Attempt 1 — 2026-05-15 — GREEN on first pass after 3 minor fixes

Outcome

Done. All 34 ACs satisfied. 35 new tests in tests/unit/skills/ + tests/property/test_skills_loader_monotone.py; 3 new tests in tests/unit/test_hashing.py for the content_hash_fd chokepoint extension. Full suite: 1891 passed, 5 skipped, 0 failed. Coverage 93.24% (≥85 floor).

What landed

  • src/codegenie/skills/__init__.py — public surface (13 exports pinned by __all__).
  • src/codegenie/skills/model.pySkill (frozen, extra=forbid), EvidenceQuery, Tier Literal + TIERS ordering constant.
  • src/codegenie/skills/loader.pySkillsLoader, SkillsLoadError discriminated union (5 reasons), LoadOutcome, FatalLoadError, pure helpers _split_frontmatter / _matches, impure _scan_frontmatter / _open_skill_path / _load_one_skill.
  • src/codegenie/hashing.py — extended __all__ by exactly one entry: new public content_hash_fd(fd, *, offset, size) -> str. No edits to existing functions (Open/Closed at the file boundary).
  • src/codegenie/types/identifiers.py — added Language = NewType("Language", str) (the story's hardened H2 closure required it; the file's docstring previously named only four newtypes).
  • Test files: tests/unit/skills/test_loader.py (32 named tests), tests/unit/skills/test_no_direct_yaml_import.py (AC-24 AST scan), tests/unit/skills/test_no_direct_blake3_import.py (AC-25 AST scan + __all__ size check), tests/property/test_skills_loader_monotone.py (Hypothesis monotonicity on languages and on task None→Some).

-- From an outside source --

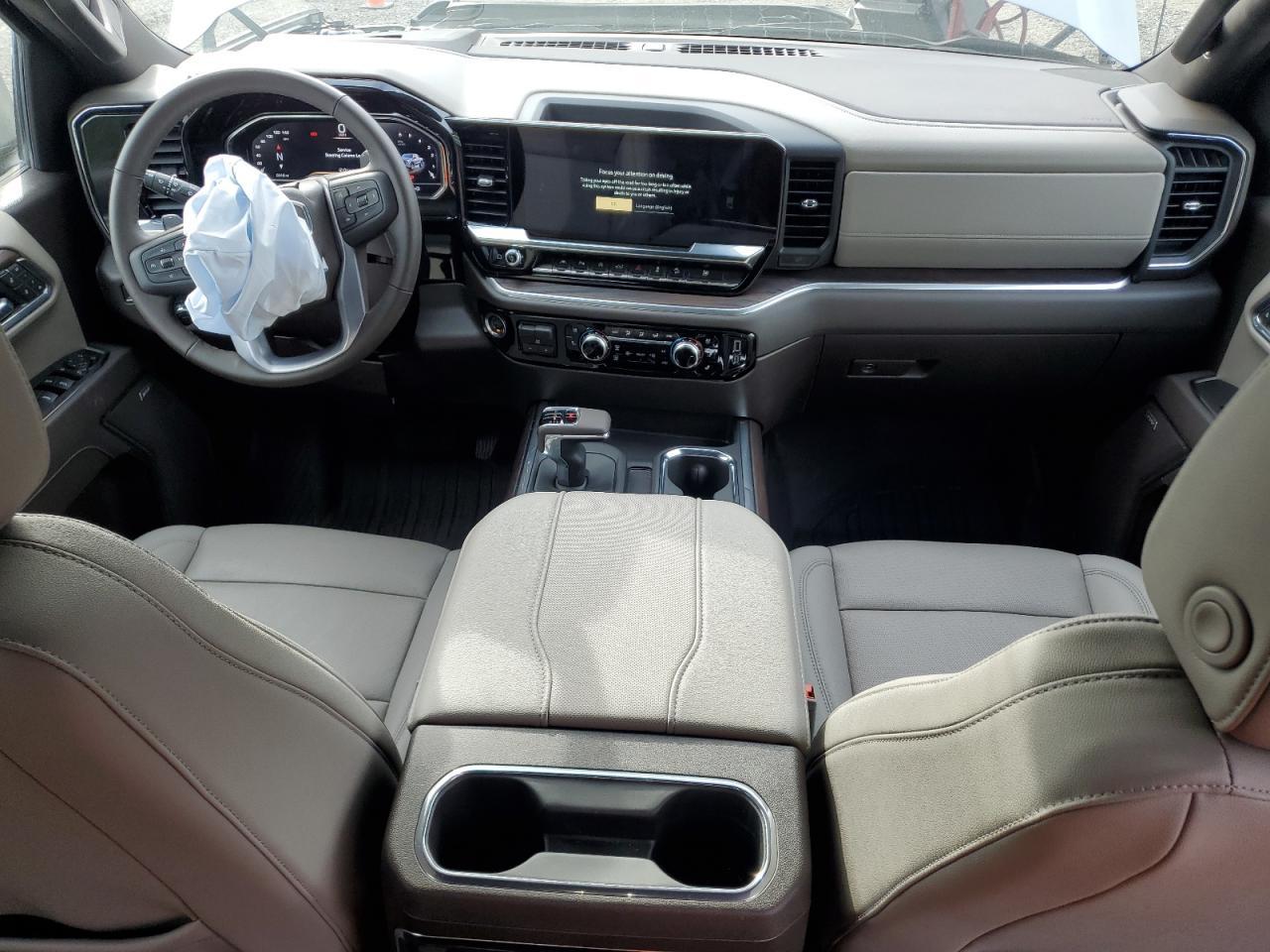 2025 GMC Sierra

Three issues caught during the green pass

  1. zip(strict=True) on the tier-positional iteration failed every test that passed fewer than 3 paths. The story's hand-written test code for AC-4 passed 2 paths ([user, org]) but expected winning_tier="user" and shadowed_tier="org" — internally inconsistent with positional tier assignment. Fix: switched to non-strict zip(TIERS, self._search_paths) (silent truncation; callers may pass 1–3 paths) and rewrote the AC-4 test to pass 3 paths ([user, absent-repo, org]) so the positional assignment matches the asserted tiers.
  2. Memory peak ~2.1 MB on the 100 MB body (AC-7 envelope was 256 KB). Root cause: an intermediate _read_frontmatter_bytes helper materialized the whole 1 MiB scan window twice (chunk list + b"".join). Fix: collapsed read+scan into a single streaming _scan_frontmatter that early-exits at the closing fence (so a normal SKILL.md with ~70 bytes of frontmatter only buffers ~4 KiB), and os.lseeks back to body offset before streaming through content_hash_fd.
  3. IsADirectoryError during read (AC-20 directory-as-SKILL.md fixture) was uncaught — only the os.open call had an OSError handler. Fix: wrapped the scan/hash block in a second try/except OSError returning a typed IoFailure. Now any read-time OS error (TOCTOU disappearance, EISDIR, EACCES) becomes a per-file error instead of an unhandled exception.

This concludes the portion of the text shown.